今回、途上国に大きく傾斜した交渉結果となった背景としては、議長国エジプトの途上国(特にアフリカ)の利害を重視したことが大きい。先進国の中には「悪い合意ならばないほうが良い」という声もあったが、ロス&ダメージ基金を最後まで拒否してCOPを決裂させれば、先進国に非難が集中する恐れがあるし、ウクライナ戦争下において温暖化防止の実質的なモメンタム低下が懸念している中、COPを決裂させてはならないという考えもあったのだろう。
欧米気候外交への反撃
思い起こせば1.5℃、2050年カーボンニュートラルを強く打ち出したグラスゴー気候合意はパリ協定を踏み超えた側面があった。今年に入り、G20等の場で先進国がグラスゴー気候合意や1.5℃を共同声明に盛り込もうとするたびに中国、インド、サウジ等がことごとく反対に回った。緩和作業計画を通じて、特に新興国の目標引き上げを促したいという欧米諸国の目論見も中国、インド等にとって5年ごとの目標見直しを規定したパリ協定からの逸脱に映る。
欧米諸国が温暖化のリスクを訴え、野心レベルの引き上げを主張してきたことがブーメランになっている側面もある。今回の会合では先進国に敵対的な有志途上国(LMDC)が「先進国は2050年ではなく、2030年カーボンニュートラルを達成すべきだ」と主張した。1.5℃安定化、2050年カーボンニュートラルを絶対視すれば、限られた炭素予算の配分をめぐってこのような議論が生ずることは十分予想されることだった。

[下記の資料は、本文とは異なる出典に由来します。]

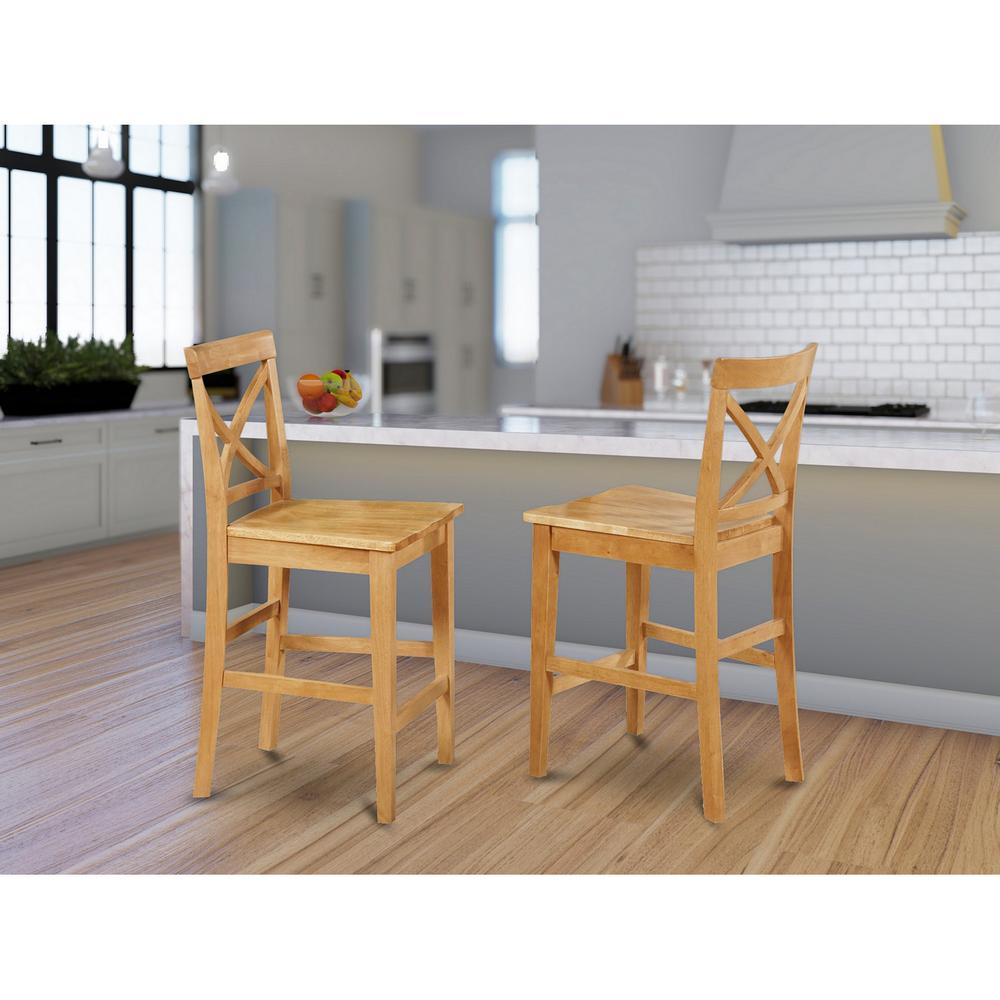 X-Back  stool  with  wood  counter  seat  in  Oak  finish,  Set  of  2. Picture 2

欧米の環境活動家やメディアは不確実性があるにもかかわらず、あらゆる異常気象を温暖化と結び付け、温暖化の危機をこれでもかと煽ってきた。皮肉なことに、こうした議論が中国の目標引き上げにつながらず、「先進国の歴史的排出によって生じた温暖化の被害を何とかせよ」という途上国のロス&ダメージ基金の主張の根拠に使われている。これまたブーメランである。
途上国の高揚感が失望に変わる可能性も
他方、ロス&ダメージ基金設立を勝ち取った途上国の高揚感も、早晩、失望に変わる可能性も大きい。先進国は現在の1000億ドルの目標すら未だに達成できていない一方、気候資金(緩和・適応)のニーズは2030年までに5.8~5.9兆ドルにのぼる。しかもここにはロス&ダメージから回復するための資金ニーズは含まれていない。
結局、「お財布」はできてもお金が十分入らない可能性も高い。異常気象等による被害のどれだけが地球温暖化によって引き起こされているのかを特定することも容易ではない。
グラスゴーでは実現可能性のない1.5℃目標が打ち出され、シャルム・エル・シェイクでは際限なくエスカレートする途上国からの資金要求がもう一つ加わった。いずれもスローガン先行で現実からの乖離は広がるばかりだ。
早晩、それが誰の目にも明らかになったとき、COPプロセスは持続可能なのだろうか?「緑の専制(Green Tyranny)」の著者であるルパート・ダーウオールはCOP27後に「それでもCOPは続く。このプロセスに依存した利害関係者があまりにも多い」と言っていたが・・・。